Deuxième disposition: je vous ai probablement parlé d'un coordinateur, figure politique de haut niveau qui facilitera la mise en œuvre de ces blocs opérationnels entre les États membres. Je dois dire que les résultats obtenus au niveau des réseaux transeuropéens me font penser que cette méthode sera aussi utile pour renforcer notre action dans le domaine qui nous préoccupe.
À la troisième question, je veux répondre par Cesar, parce que Cesar existe, c'est désormais une entreprise commune. Cette entreprise commune réunit tous les acteurs, tous les opérateurs et je pense que l'arrivée de Cesar va bousculer toutes ces mauvaises habitudes qui nous enfermaient dans des espaces aériens délimités par des frontières nationales qui n'ont plus de sens aujourd'hui. Donc, Monsieur le Président, je réponds très positivement à la question posée par M. Costa et développée par M. Savary et j'ai écouté avec attention les demandes du Parlement. Je suis prêt à tout mettre en œuvre pour y répondre.

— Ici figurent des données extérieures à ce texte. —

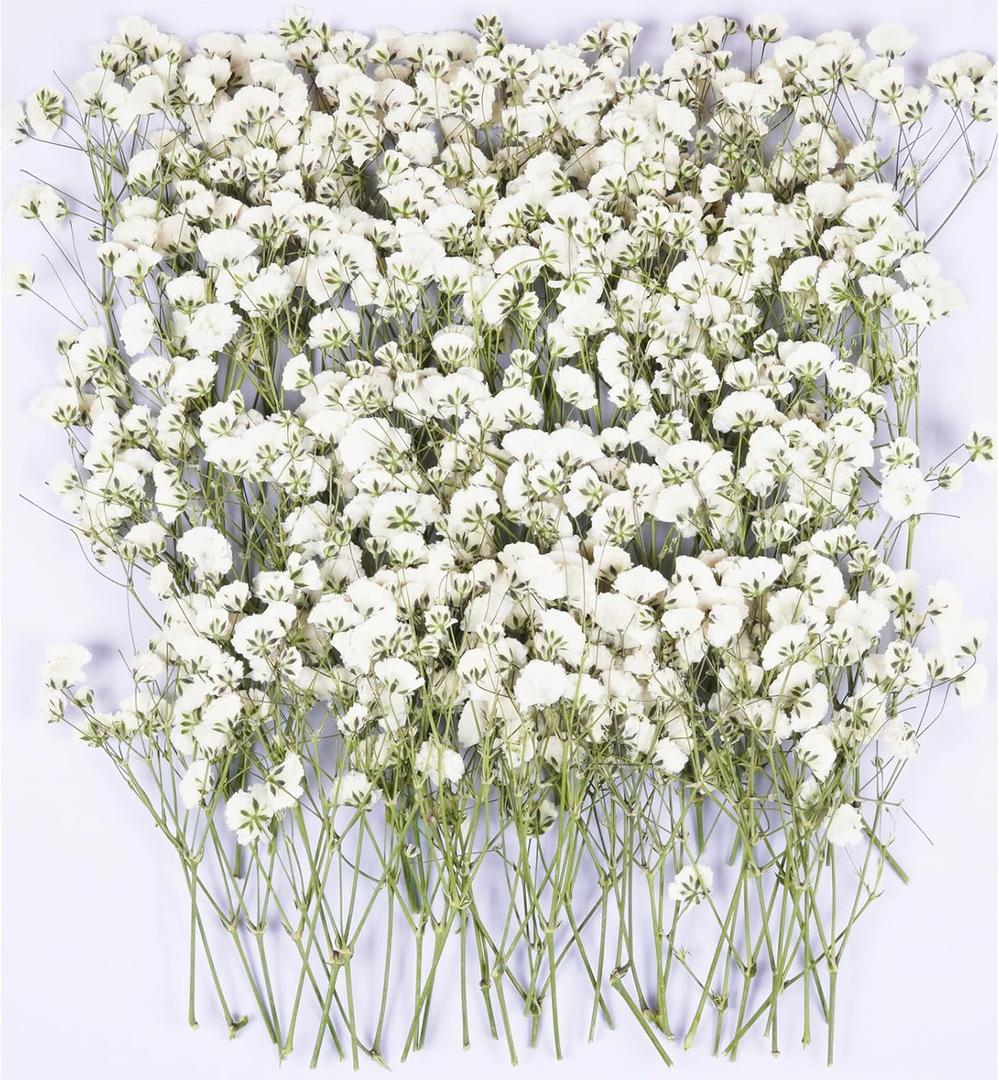 100Pcs White Babys Breath Dried Pressed Flowers for Crafts,Xinxinran Dry Flower Kit for Wedding Invitation Accessories,Bookmark,Jewelry Molds,Candle Making Supplies, Soap, Frame, Cakes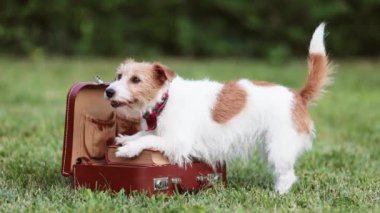 Mutlu gürültücü aktif komik köpek kuyruğunu sallıyor ve evdeki çitin arkasında havlıyor. Ayrılık endişesi.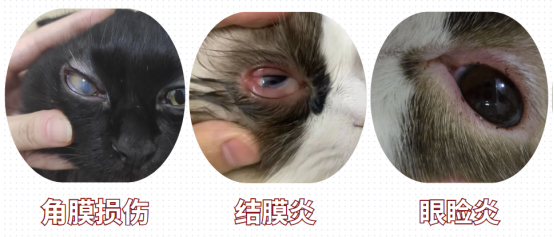 猫咪的眼睛有红棕色分泌物用点什么药？
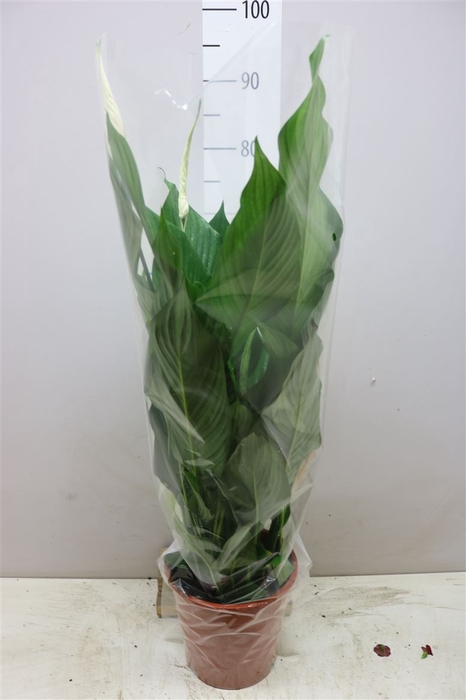 <h4>Spathiphyllum Sweet Lauretta Air So Pure</h4>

La Présidente. - Le débat est clos.
Déclaration écrite (article 142)
Zuzana Roithová (PPE-DE), par écrit. – (CS) Les États membres ont approuvé la création de blocs d'espace aérien communs pour contrôler un ciel unique, indépendamment des frontières nationales. Avant cela, deux avions se sont heurtés au-dessus de l'Allemagne et 71 personnes ont trouvé la mort. Les arguments en faveur d'un ciel unique européen s'intensifient: nous comptons 57 points de contrôle pour 28 000 vols quotidiens; les États-Unis en comptent deux. Trois ans plus tard, nous ne sommes pas plus avancés. L'UE n'a pas mis en pratique l'ensemble des règlements de 2004. Ces règlements sont censés intégrer l'espace aérien dans le marché des services internes et jeter les bases d'un système d'exploitation efficace en mettant l'accent sur la sécurité, l'environnement et une capacité de vol accrue. Nous comptons actuellement 65 centres radar où 31 systèmes utilisent 22 réseaux informatiques, et nous prévoyons que le nombre de vols en Europe doublera en l'espace de 10 ans.
Les citoyens savent-ils que leurs gouvernements et leurs parlements ignorent les avantages d'une Europe commune à leur détriment? Pourquoi le processus de création d'un espace européen opérationnel partagé pour les vols civils et militaires dans une Europe unie prend-il tant de temps? Est-ce pour apaiser les intérêts économiques locaux? Est-ce pour protéger la souveraineté nationale au détriment de la sécurité des transports et à des prix élevés? Aujourd'hui, nous voulons savoir comment et quand nous intégrerons la classification de l'espace aérien supérieur et comment nous allons exploiter conjointement l'espace aérien inférieur à l'avenir. Les obstacles à la création de blocs fonctionnels sur le territoire européen peuvent-ils être identifiés ouvertement? Est-il possible de mettre en lumière la volonté politique des États membres de respecter leurs obligations? Nous nous inquiétons également de l'échec de la démarche de bas en haut, car, en trois ans, les États membres n'ont pas développé les blocs fonctionnels indispensables à un contrôle du ciel plus efficace.